Professor Trevelyan in his 'History of England' writes: "Wife-beating was a recognised right of man, and was practised without shame by high as well as low. ... Similarly, the daughter who refused to marry the gentleman of her parents' choice was liable to be locked up, beaten and flung about the room, without any shock being inflicted upon public opinion. Marriage was not an affair of personal affection, but of family avarice ...". The historian is speaking here of the year 1500, but these practices continued for many long years and died hard. (And violent treatment of women by members of the family still continues, in Scotland and elsewhere.) The "remarkable popularity" of the ballad may have had something to do with an atavistic clinging to outworn modes. Women were supposed to be gentle and passive - "under the bludgeonings of chance" their heads should be bloody and bowed. Also this continuing popularity could well imply a touch of the sadism-masochism vicious circle; many people enjoy the depiction of violence.
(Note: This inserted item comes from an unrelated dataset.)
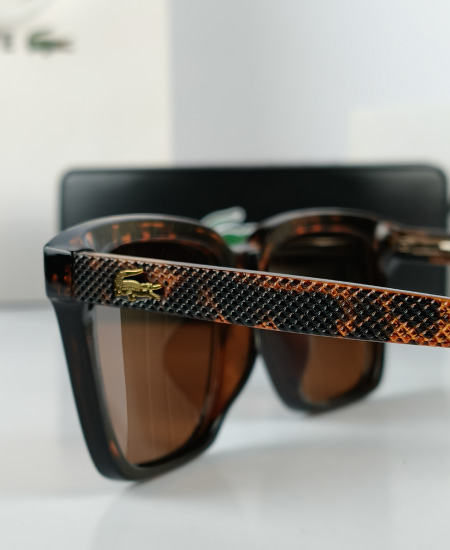 1.7 Lacoste Warfare Sunglasses Brown Lac122 - Image 4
Yet violence cannot be ignored, and it is of course an ingredient in many of the finest ballads. Andrew Lammie has an epic quality, with some powerfully evocative language. Above all it is a true love story ... a story which ends on a note of apocalyptic doom, with a hint of the Pauline "last trump" [...] Jane Turriff's complete version ends on this repeated note:
He hied him to the head of the house
To the house-top o' Fyvie
He blew his trumpet loud and shrill
'Twas heard at Mill o' Tifty
(Munro, Revival 147ff)
[1993:] 'The muckle sangs' or the long descriptive ballads reflect life in bygone days, not only noting worthy events in the historical calendar but telling something of the lives of ordinary working people. Perhaps the best known of the ballads is Mill o' Tifty's Annie. Sometimes referred to as Andrew Lammie, it tells simply yet poignantly the story of the daughter of the miller of Tifty Mill in the parish of Fyvie, Agnes Smith (or Nan or Annie as she is called), and her forbidden love for Andrew Lambe (in local dialect altered to Lammie), the trumpeter to the Laird of Fyvie. During their courtship, usually seeking the seclusion of the woods between the mill and Fyvie Castle, they swore everlasting love for each other despite the reality that Annie's father, William Smith, would go to any lengths to prevent the couple meeting. The resistance from Smith was founded on no more than selfish intentions on his part for his daughter's future. Whoever his choice for Annie's marital partner was to be;
"It will be some higher match than the Trumpeter of Fyvie".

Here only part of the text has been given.